Fig. 9 shows the sequence diagram for one of the four branches, i.e., CustomerInquiry improvement. There are five different endings that can happen, depending on the user’s answers. 4.5. User modeling COMEX users are knowledge engineers and end users. A knowledge engineer is the one who creates the knowledge base and tests the system. Speaking in terms of UML, the use cases related to knowledge engineers are illustrated in Fig. 10. They include building the knowledge base, creating a new project, opening and updating the knowledge base, and the like.
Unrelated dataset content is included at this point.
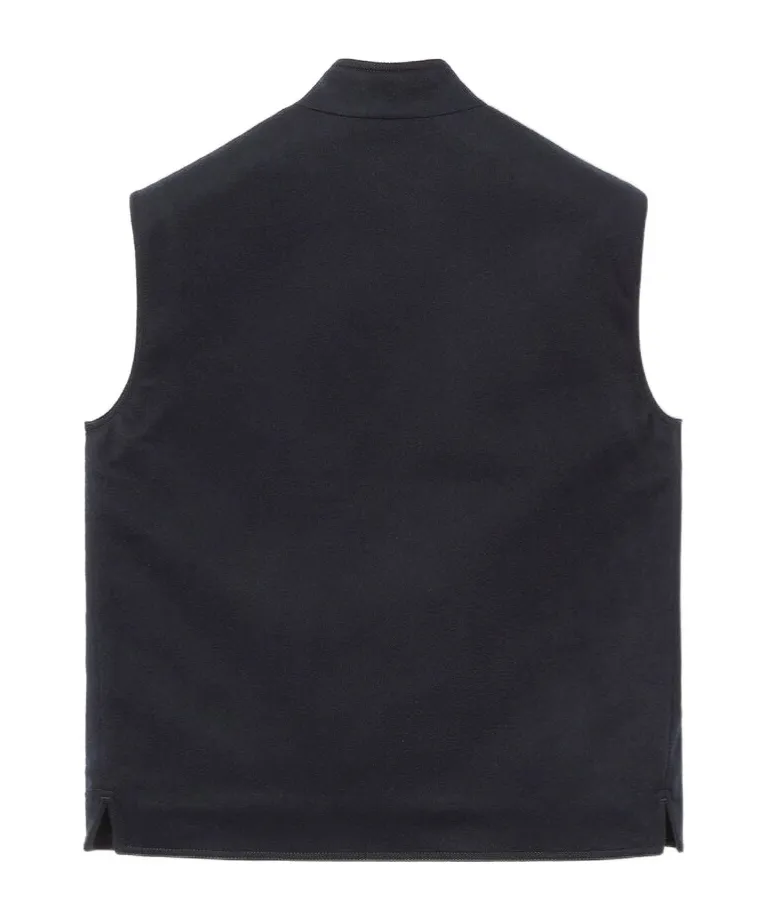Henley Vest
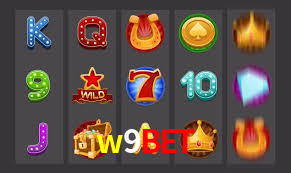 Premium Interface w9bet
During the design of the COMEX system, the knowledge engineer communicated with a cost management expert, an ABC expert, and accounting and system quality experts. All the important knowledge was entered in the knowledge base through multiple iterations (Grahovac & Devedzic, 2009). COMEX end users are ABC experts, accountants, managers, business analysts, and students. End users do not have the permission to update knowledge base elements. They can open a project (open project COMEX), enter the session data (enter data) and start the forward-chaining inferencing (forward chaining) (Fig. 11) (Tomic´, 2005). 4.6. Reasoning and conflict resolution

Fig. 8. Selecting an activity to improve.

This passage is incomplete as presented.